The play that caught my eye the most in the game though was the very next play, one that on the face of it wasn’t that impressive. With the Browns up against a 3rd-and-30, Berry was able to stop a screen for a 7-yard gain. Just looking at the play description that seems pretty run of the mill, until you see what was facing Berry when the running back received the ball in the flat:
He found himself staring at not one but two linemen coming at him like a large wall to cut him off from the running back. Often one lineman is enough to take out a defender, but two of them both aiming at the same target here from either side would usually be curtains for his ability to influence the play. From the point this picture is taken you would expect Berry to hit the ground and at best force a cut from the running back towards help coming from the inside. You certainly wouldn’t expect him to beat both blockers and make the stop, but that’s exactly what he did.
As the first blocker dives towards him to cut him down Berry goes airborne, leaping over the block entirely, and somehow regaining his body control enough to land and fight through the block of the second lineman all in the same movement.
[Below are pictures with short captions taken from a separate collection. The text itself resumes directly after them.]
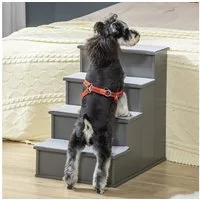 PawHut Haustiertreppe 4-stufige Hundetreppe Einstiegshilfe mit rutschfester Matte (Haustierleiter, 1-St., Katzentreppe), für Auto Bett Sofa Grau 40 x 59 x 54.2 cm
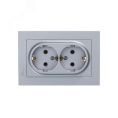 Розетка AtlasDesign ATN000324 2ая c/з механизм, алюминий
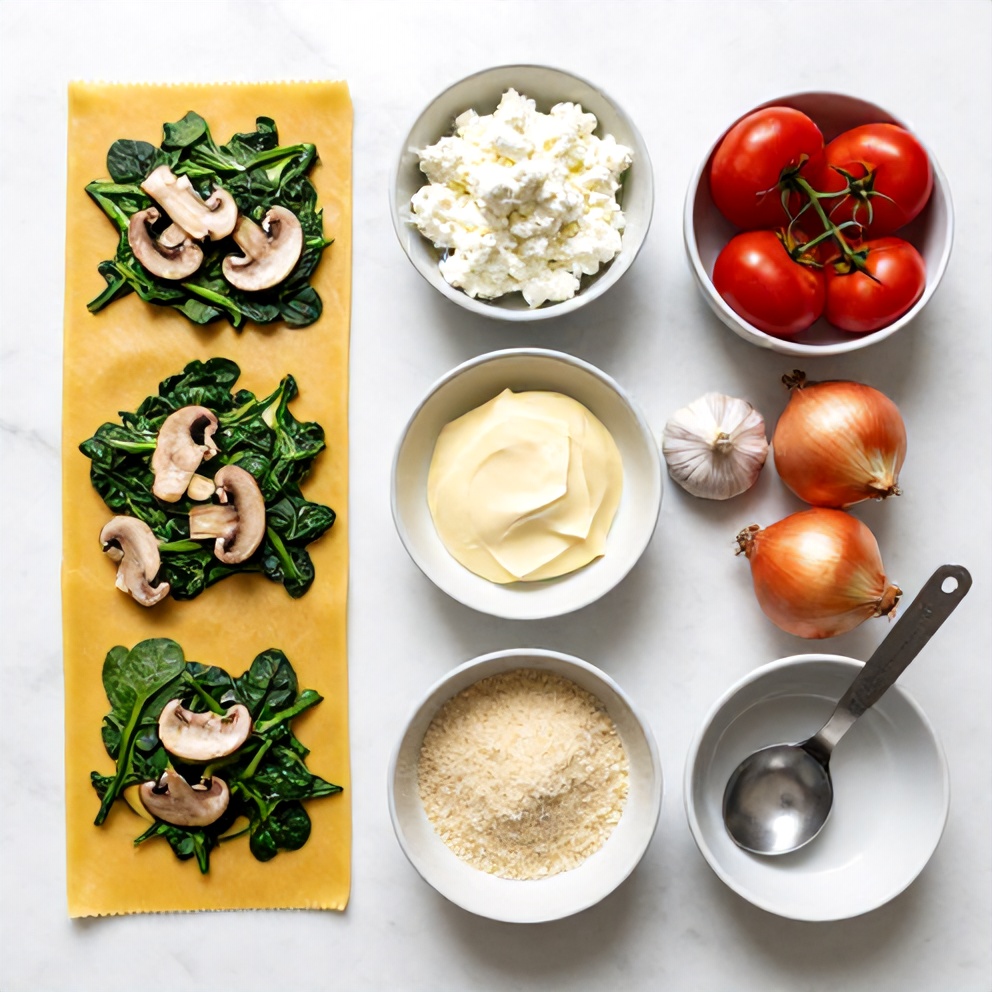 Overhead flat lay of raw ingredients for Mushroom Spinach Lasagna: lasagna noodles, spinach, mushrooms, ricotta, mozzarella, parmesan, garlic, onion, canned tomatoes, measuring spoons and bowls, white marble surface, bright even light.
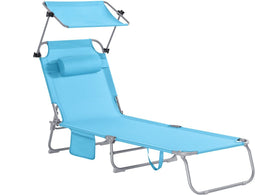 SoBuy OGS48-B - Opvouwbare Strandstoel met Zonnedak - Blauw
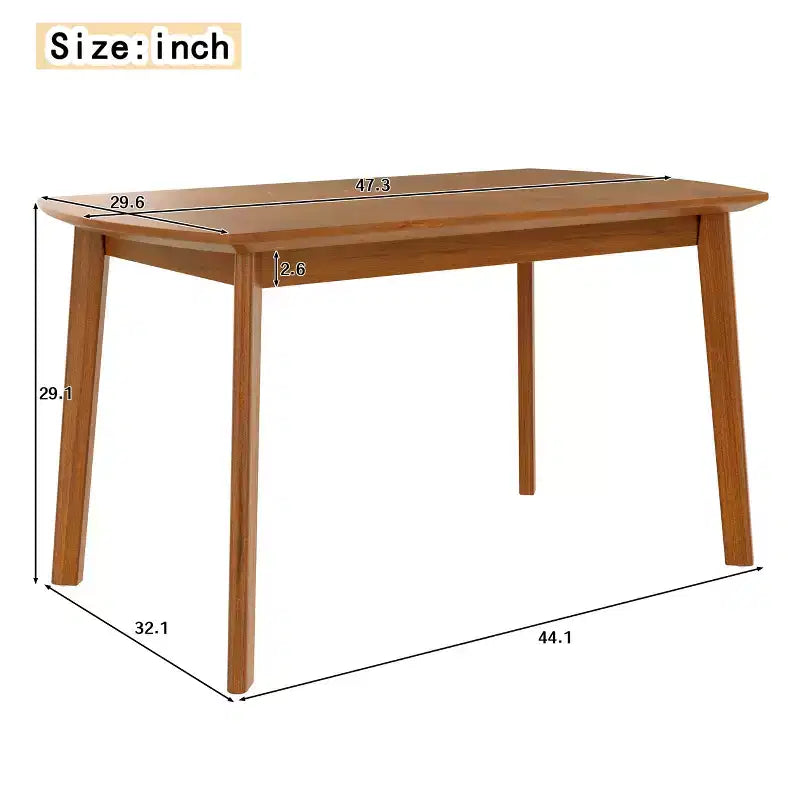 Table de salle à manger moderne du milieu du siècle de 47 po, pieds en bois d'hévéa massif, plateau ovale incurvé pour 4 personnes, table de cuisine/salle à manger, marron - ModernLuxe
The running back went from having a wall of blockers in front of him to suddenly having Eric Berry powering through the outside shoulder of his last remaining blocker and a horde of Chiefs defenders chasing the play down from the inside.
Though the Browns would have been unlikely to convert this play anyway, regardless of what Berry did, the fact that he was able to single-handedly take out a pair of screen blockers in one fluid movement was incredibly impressive.
Against Cleveland Eric Berry was able to display the full spectrum of his skill set, a skill set that has only this season become fully rounded as he is now both more experienced as an NFL defender and fully over the effects of a serious knee injury.
He has two Pro-Bowls to his name already, and the hype of a perennial All-Pro in some circles, but this is the first season that Eric Berry is playing at an exceptionally high level, and he is doing so as a complete defender, not just a guy who can impress in the box but remains a liability in coverage. This is the Eric Berry I wasn’t convinced existed, but he is proving me wrong in 2013.